§ DATA FOR PROCESSING
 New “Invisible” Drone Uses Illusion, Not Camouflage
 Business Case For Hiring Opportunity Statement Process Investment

...

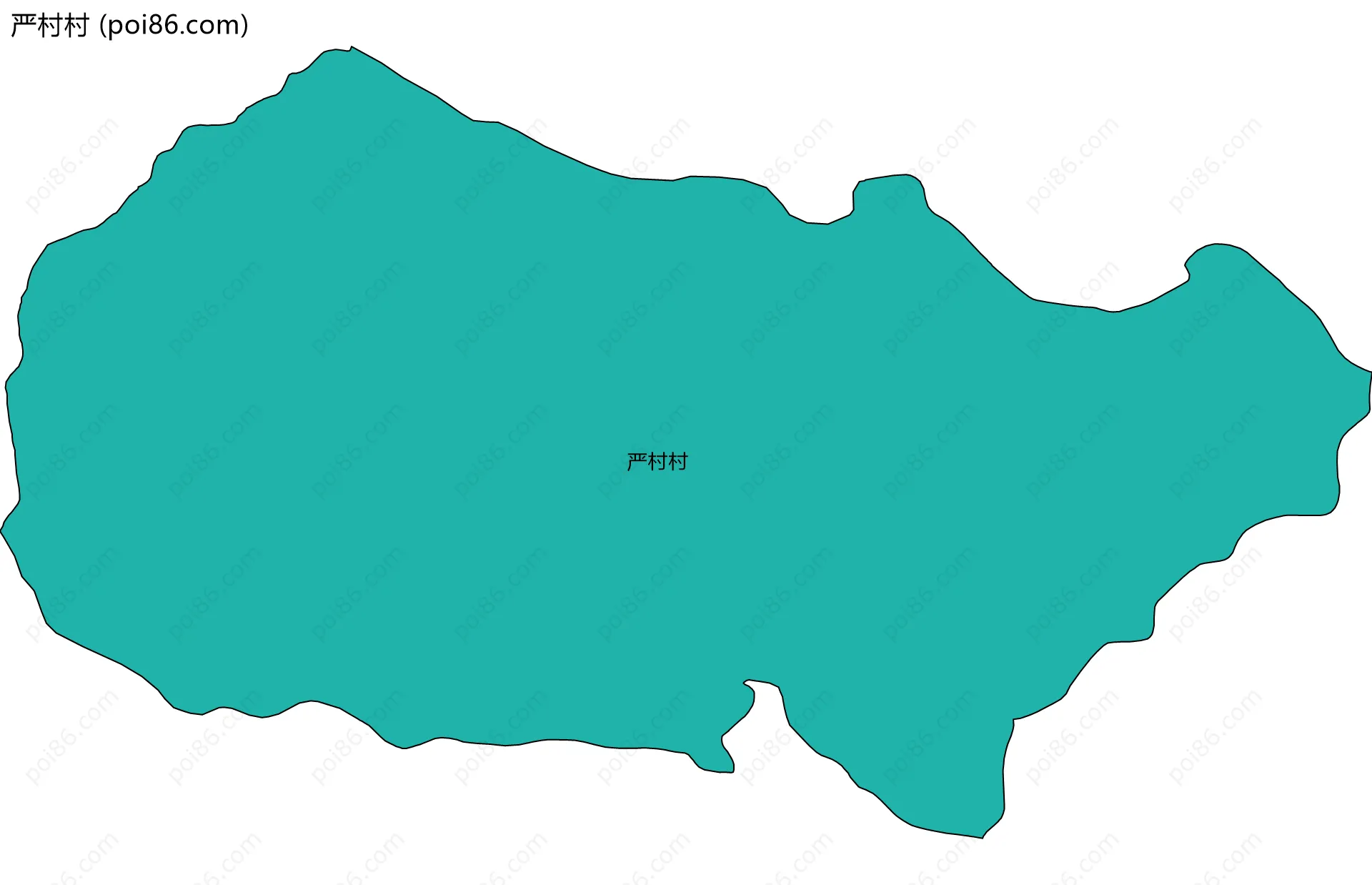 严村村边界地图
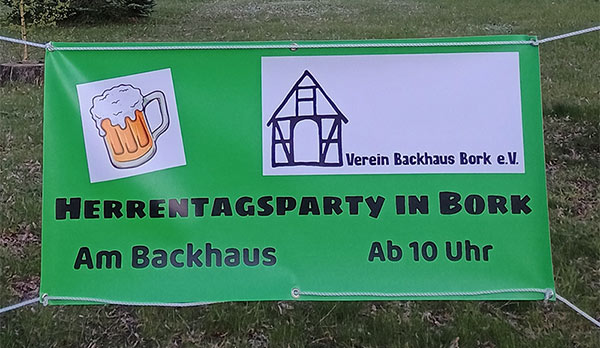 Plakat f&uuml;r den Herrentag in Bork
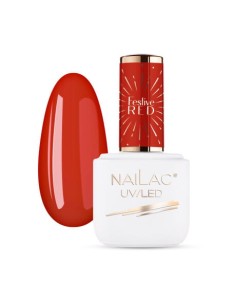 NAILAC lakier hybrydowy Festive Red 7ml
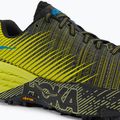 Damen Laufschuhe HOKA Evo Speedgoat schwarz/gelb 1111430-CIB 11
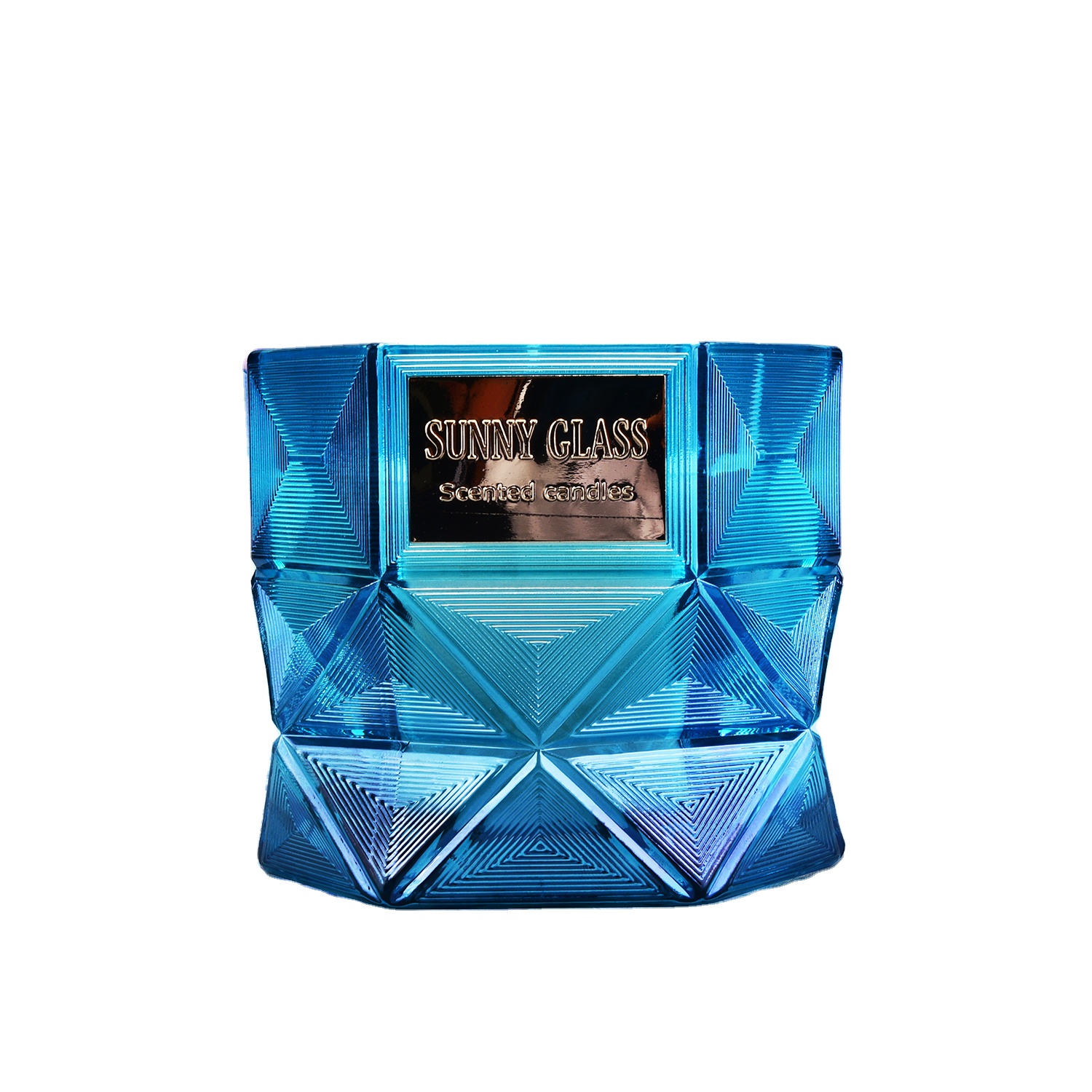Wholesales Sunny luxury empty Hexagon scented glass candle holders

§ WHAT YOU HAVE TO DO
Leaving out each picture, repeat exactly the lines above from the one that contains "NAILAC lakier hybrydowy Festive Red 7ml" through the one that contains "Wholesales Sunny luxury".

§ WORKED SOLUTION
 NAILAC lakier hybrydowy Festive Red 7ml
 Damen Laufschuhe HOKA Evo Speedgoat schwarz/gelb 1111430-CIB 11
Wholesales Sunny luxury empty Hexagon scented glass candle holders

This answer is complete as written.